Curated Games Catalog
iThrive’s Curated Games Catalog highlights compelling games that feature mechanics, narratives, and other elements identified by players, professional game developers, game scholars, educators, and scientists as supportive of habits for thriving such as empathy, curiosity, growth mindset, and kindness.
Each game listed provides an age rating, a link to the game’s developer, and our rationale for featuring it.
Explore the catalog and play the games to find ones you find compelling. Use these games as inspiration for new designs. Play these games with teens to spark conversations about their strengths. And, nominate games that you believe deserve a spot on the list by contacting us. We love adding games and categories to our catalog and welcome your contributions!
Video games support the practice of empathy when they allow players to see the same situation from many perspectives; appreciate diversity of personalities, backgrounds, and skills; inhabit difficult circumstances to understand what it might be like to face those particular challenges; be immersed in a historical event from an unexpected point of view; discover another culture; and make choices that impact other characters or real players.
Video games support the practice of curiosity when they provide opportunities for players to explore and create in intriguing worlds, experiment with combining found objects to make new and useful things, solve mysteries or discover meaning gradually through deep exploration, and try out different identities and interactions just to see what happens.
Video games support the practice of growth mindset when they reward small actions and give immediate feedback that helps players to learn and improve performance. Video games also may allow players to level up and to grow kingdoms, armies, or empires through sustained effort; visualize the growth they are headed for through progress maps and ability trees; train and evolve characters into more masterful beings; and gamify real-life progress towards goals like physical and emotional fitness.

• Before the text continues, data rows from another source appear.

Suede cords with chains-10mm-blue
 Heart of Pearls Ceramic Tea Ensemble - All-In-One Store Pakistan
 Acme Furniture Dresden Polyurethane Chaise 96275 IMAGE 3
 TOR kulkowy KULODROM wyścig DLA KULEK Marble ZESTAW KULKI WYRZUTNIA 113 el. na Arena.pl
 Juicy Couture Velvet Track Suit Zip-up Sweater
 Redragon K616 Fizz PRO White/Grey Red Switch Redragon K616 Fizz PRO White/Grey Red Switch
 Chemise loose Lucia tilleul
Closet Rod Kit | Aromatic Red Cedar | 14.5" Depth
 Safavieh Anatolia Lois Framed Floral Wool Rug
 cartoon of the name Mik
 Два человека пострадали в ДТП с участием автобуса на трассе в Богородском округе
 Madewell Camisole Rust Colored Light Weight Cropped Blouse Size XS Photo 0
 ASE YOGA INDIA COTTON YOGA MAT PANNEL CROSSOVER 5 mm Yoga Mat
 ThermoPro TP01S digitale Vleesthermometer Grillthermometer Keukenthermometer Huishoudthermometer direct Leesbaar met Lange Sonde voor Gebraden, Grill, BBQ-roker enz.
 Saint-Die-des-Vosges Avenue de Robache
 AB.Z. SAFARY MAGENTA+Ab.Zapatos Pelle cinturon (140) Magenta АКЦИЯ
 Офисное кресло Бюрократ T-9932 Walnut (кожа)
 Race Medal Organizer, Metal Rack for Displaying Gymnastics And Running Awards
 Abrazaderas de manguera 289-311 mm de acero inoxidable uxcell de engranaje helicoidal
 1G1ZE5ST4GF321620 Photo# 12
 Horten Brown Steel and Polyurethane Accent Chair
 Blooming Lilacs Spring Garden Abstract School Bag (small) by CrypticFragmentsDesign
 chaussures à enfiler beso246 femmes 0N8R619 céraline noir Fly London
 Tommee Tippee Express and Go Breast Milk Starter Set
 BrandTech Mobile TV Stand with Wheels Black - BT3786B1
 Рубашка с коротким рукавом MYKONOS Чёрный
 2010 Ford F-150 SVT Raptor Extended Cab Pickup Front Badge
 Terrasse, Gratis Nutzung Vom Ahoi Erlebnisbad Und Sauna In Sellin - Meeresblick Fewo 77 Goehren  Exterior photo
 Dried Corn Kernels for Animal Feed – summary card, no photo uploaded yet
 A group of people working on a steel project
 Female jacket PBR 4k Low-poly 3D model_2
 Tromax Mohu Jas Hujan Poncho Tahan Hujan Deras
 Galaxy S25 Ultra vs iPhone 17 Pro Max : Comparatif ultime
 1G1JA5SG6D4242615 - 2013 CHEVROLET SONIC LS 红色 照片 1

Video games support the practice of kindness (being friendly, generous, and considerate towards others) when they feature themes of self-sacrifice, prompt players to care for the well-being of other characters, introduce opportunities to gift items or otherwise help other players progress, make a helpful or kind act a primary mechanic (like hugging! That game really exists!), and when developers or players build and maintain supportive and helpful communities around the game.